Mr Dr David said it was quite LIFE AFFIRMING to be up on top of a live volcano. But that is because he is a MANIAC who likes to do his own stunts.


Powerful, exciting and moving, this was a corker of an episode, and Alex was even more blown away than I was. If there's a problem with this, it's only that it leaves you wondering how the back end of series thirty is going to be as good.

It was another long episode, but one packed with incident: humour, action, horror, tragedy and redemption. One of the series' best teasers, showing off ancient Pompeii while the Doctor and Donna's relationship is charming and funny, finishes with the great dramatic reveal of Vesuvius. This meant the episode starts by first fooling us into thinking it would be a "hunt the TARDIS"/"race against time" plot only to resolve this within minutes and instead introducing two, seemingly divergent, plots concerning the prophecy of the Sisterhood and the stone circuits that Lucius Petrus Dextrous is having made, before revealing that they are actually two aspects of the same plot, but then effectively wrapping up the "alien threat" forty minutes in so as to devote the last ten entirely to giving the eruption the sense of scale and tragedy that it deserved.

There's also time for a moment or two of toying with the continuity, tying up one or two points in an interesting and – for the series – finally consistent way. A brief nod to "The Romans" in the teaser is a fun throwaway; in fact, it's the sort of thing that the Doctor often says (q.v. the Titanic in "The Invasion of Time") and it's just a nice nod for the fans that we've seen that past adventure. And there's the old, old question of "how does the TARDIS translate deliberate use of foreign language?" resolved by saying yes, it really does translate it into a different foreign language, hilariously choosing to make a Welsh joke out of it.
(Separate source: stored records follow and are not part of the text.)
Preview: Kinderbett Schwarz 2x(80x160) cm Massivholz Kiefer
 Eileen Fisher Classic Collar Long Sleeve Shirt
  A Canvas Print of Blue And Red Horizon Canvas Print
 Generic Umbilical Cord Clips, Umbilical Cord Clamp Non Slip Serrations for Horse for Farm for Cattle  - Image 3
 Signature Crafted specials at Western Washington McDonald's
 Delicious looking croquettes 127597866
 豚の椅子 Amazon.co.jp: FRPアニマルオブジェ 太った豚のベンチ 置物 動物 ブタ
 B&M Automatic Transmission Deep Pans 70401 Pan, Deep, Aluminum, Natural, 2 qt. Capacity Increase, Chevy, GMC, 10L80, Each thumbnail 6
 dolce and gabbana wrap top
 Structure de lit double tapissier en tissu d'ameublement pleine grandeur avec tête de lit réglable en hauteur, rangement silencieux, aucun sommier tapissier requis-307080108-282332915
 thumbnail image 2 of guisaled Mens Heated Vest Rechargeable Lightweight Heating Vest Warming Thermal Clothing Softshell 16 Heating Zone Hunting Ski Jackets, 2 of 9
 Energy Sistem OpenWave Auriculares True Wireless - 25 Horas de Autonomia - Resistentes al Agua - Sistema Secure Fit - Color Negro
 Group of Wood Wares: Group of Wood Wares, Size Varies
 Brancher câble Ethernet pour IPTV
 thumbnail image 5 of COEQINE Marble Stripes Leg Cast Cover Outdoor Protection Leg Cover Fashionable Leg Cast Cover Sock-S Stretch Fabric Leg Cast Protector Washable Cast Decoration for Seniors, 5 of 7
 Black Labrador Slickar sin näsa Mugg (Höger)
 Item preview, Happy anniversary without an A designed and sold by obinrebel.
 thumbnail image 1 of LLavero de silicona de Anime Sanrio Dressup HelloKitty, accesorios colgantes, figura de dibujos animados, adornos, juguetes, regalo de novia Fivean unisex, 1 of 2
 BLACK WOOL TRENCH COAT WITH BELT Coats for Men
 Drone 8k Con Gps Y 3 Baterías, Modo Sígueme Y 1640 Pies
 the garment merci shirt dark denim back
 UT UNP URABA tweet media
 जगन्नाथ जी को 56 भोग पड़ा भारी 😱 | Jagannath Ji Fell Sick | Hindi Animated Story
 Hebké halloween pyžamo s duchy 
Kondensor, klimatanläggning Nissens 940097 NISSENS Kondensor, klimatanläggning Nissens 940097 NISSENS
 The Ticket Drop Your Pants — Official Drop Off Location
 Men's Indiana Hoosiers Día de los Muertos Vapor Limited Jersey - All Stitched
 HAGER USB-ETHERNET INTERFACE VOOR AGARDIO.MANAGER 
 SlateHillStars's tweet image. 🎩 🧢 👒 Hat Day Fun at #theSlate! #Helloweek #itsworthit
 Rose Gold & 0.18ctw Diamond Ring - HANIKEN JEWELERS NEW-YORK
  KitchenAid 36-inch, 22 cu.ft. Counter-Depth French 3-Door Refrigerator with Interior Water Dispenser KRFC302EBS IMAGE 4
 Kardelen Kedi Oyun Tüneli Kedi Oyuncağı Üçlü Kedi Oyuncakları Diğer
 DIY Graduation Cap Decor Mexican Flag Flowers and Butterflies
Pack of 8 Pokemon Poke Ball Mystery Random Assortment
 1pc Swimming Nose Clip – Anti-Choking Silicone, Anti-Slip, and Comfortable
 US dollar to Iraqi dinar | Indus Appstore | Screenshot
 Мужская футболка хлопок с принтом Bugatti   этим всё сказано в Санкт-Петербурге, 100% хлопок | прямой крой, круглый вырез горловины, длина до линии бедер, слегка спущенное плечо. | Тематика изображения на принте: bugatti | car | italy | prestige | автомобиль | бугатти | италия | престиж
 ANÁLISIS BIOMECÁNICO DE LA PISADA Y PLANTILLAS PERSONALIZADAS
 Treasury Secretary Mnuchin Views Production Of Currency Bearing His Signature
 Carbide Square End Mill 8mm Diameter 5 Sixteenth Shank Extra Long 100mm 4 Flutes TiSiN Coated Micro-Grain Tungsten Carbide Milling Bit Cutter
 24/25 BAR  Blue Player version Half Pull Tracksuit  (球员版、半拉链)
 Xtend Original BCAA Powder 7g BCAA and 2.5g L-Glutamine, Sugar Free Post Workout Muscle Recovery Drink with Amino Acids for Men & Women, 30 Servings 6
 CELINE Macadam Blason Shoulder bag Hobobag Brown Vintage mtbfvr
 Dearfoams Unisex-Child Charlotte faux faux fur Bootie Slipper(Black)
You might want to think about what this means for stories like "The Reign of Terror" where we hear the Doctor address locals in (in that case) French and what that might mean for the translation convention.

But all of this is used to wrap up two very big moral dilemmas. First, Donna's question: "why can't the Doctor change Earth's history?" And second: "how can you choose between twenty-thousand deaths and the whole world?"

What is interesting is that, although they do what is probably the right thing in the end, both Donna and the Doctor are morally compromised in different ways. The Doctor won't intervene to save the citizens of Pompeii because he sees the bigger picture, when Donna just thinks he should save them; conversely, the second dilemma, when the bigger picture requires him to intervene the fact that can see the consequences paralyses him and he needs Donna to almost give him permission, or at least to share in the decision – and the culpability – before he can push the lever and trigger the volcano.

Both cases emphasis the difference between the Time Lord perspective and the human, and illustrate why Donna is right that he needs a human companion, both to remind him of the little things and to let him get past the cosmic.

Needless to say by now, David Tennant is brilliant. But what a magnificent, strong and ultimately heart-rending performance from Catherine Tate: she is really very good at being a companion. And what a good companion Donna is. There's the moment when she gets kidnapped by the Sisters – if you watch you realise that she's fetched a bucket to fight off the Pyrovile foot-soldier; then there's her reaction to being placed on a sacrificial slab – fury not fear; but then there's her compassion for the Doctor's decision, and acknowledgement that in spite of the consequences for Pompeii that they have to save the world. But she still doesn’t give up trying to save those people, almost despairing when they won't listen to her and worse the Doctor won't listen to her, but she forces him to in the end.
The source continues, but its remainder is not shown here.